1992 had zo'n mooi jaar moeten worden. Het parlement verklaarde op 5 april de onafhankelijkheid van de republiek Bosnië-Herzegovina en verkoos Sarajevo tot hoofdstad van de nieuwe staat. Nog diezelfde dag ging het mis. Tijdens een demonstratie schoot een onbekende schutter een studente dood. Direct daarop verschanste het Joegoslavische Volksleger zich met een leger van Bosnische Nationalistische Serviërs in de bergen rondom de stad. Dik drie jaar lang werd Sarajevo beschoten en gebombardeerd. Alhoewel de manschappen er niet in slaagden de hele stad in te nemen, werd de wijk Grbavica bezet waarna duizenden mensen werden gemarteld en verkracht. Met gemiddeld zo'n vierduizend granaten per dag en zonder gas, water en elektriciteit moet het een uitzichtloze hel zijn geweest. Meer dan tienduizend inwoners overleefden het niet.

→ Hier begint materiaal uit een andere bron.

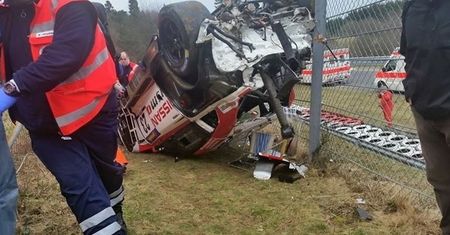 Tragiczny wypadek Nissana GT-R na Nürburgringu. Jedna osoba nie żyje [WIDEO]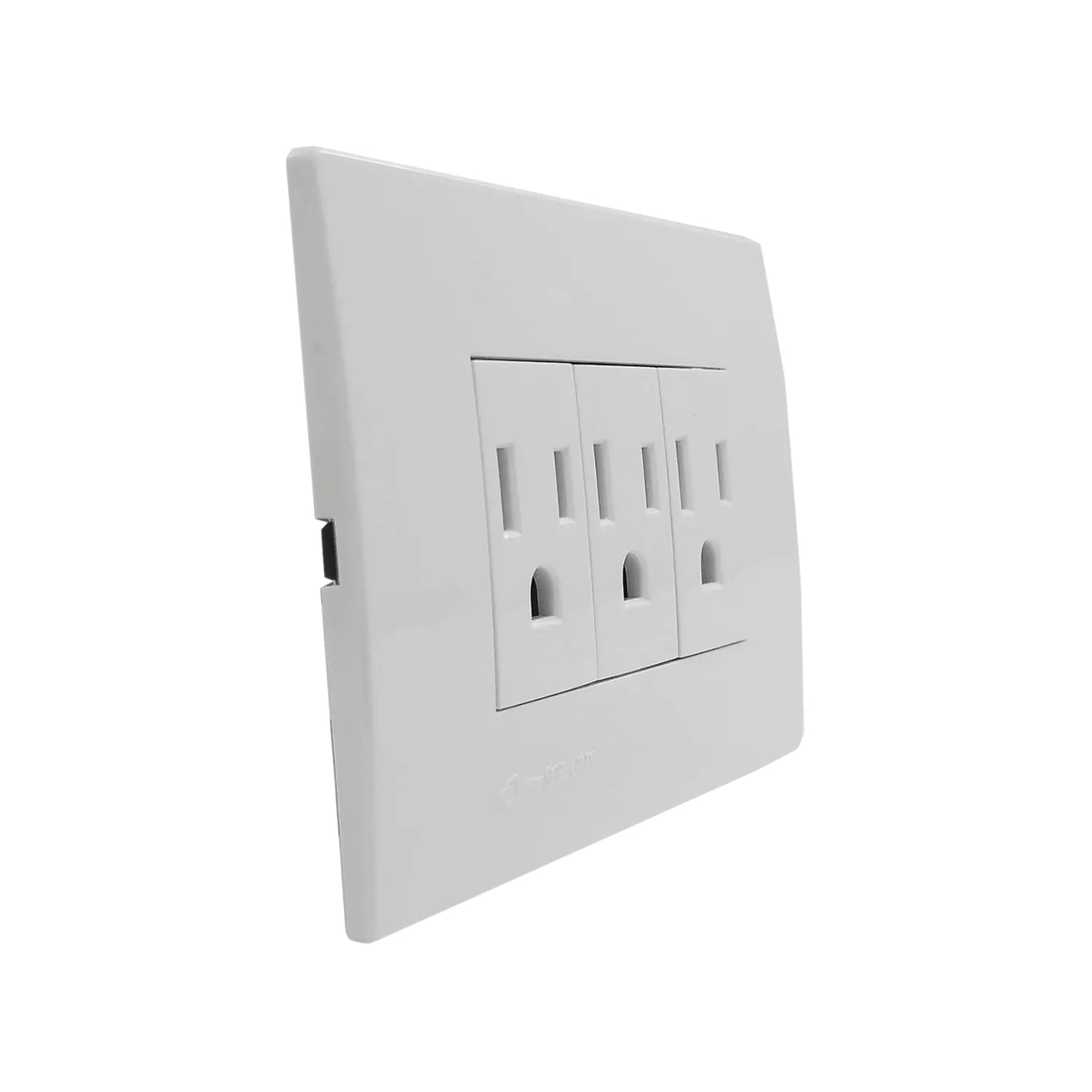 Placa de pared blanca con tres contactos eléctricos polarizados para enchufes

Grbavica belicht het verhaal van één vrouw uit de gelijknamige wijk. In het symbolische openingsbeeld zien we tientallen vrouwen zij aan zij slapend naast elkaar. Alleen Esma - een rol van Emir Kusturica's vaste actrice Mirjana Karanovic - heeft haar ogen geopend. Ze is een alleenstaande moeder en kan slechts in haar onderhoud voorzien door twee banen te combineren: overdag de fabriek en 's avonds serveerwerk in een nachtclub. Zoals iedereen in Sarajevo is ook Esma getekend door het verleden. Ze wil het alleen niet weten en ploetert zich iedere dag voort naar de volgende. Er zijn speciale vrouwenbijeenkomsten die ze bezoekt, maar Esma is nog lang niet zo ver om haar hart te luchten. Haar ogen zijn dan ook niet geopend als teken van bewustwording, maar simpelweg omdat ze de slaap niet kan vatten door haar onverwerkte verleden.
Ook haar dochter Sara houdt zich stoerder dan ze is. Op school bijt ze van zich af en laat zich door niemand wat wijsmaken. Haar identiteit is voornamelijk gegrond op de overtuiging dat haar vader als moedige soldaat is gesneuveld voor gezin en vaderland. Langzaam komt Esma er achter dat Sara's stuurse gedrag wordt veroorzaakt door het verkeerde voorbeeld dat zij als moeder geeft door alles dood te zwijgen. Het is die allesverbloemende zelfredzaamheid waartegen de film zich afzet. Gezien het onderwerp is Grbavica een verbazingwekkend luchtige vertelling geworden. Een film waarvan de kracht niet zozeer ligt in getoonde diepgang of originele invalshoeken, maar in de sympathieke portrettering en bemoedigende les waarmee Jasmila Zbanic het publiek achterlaat.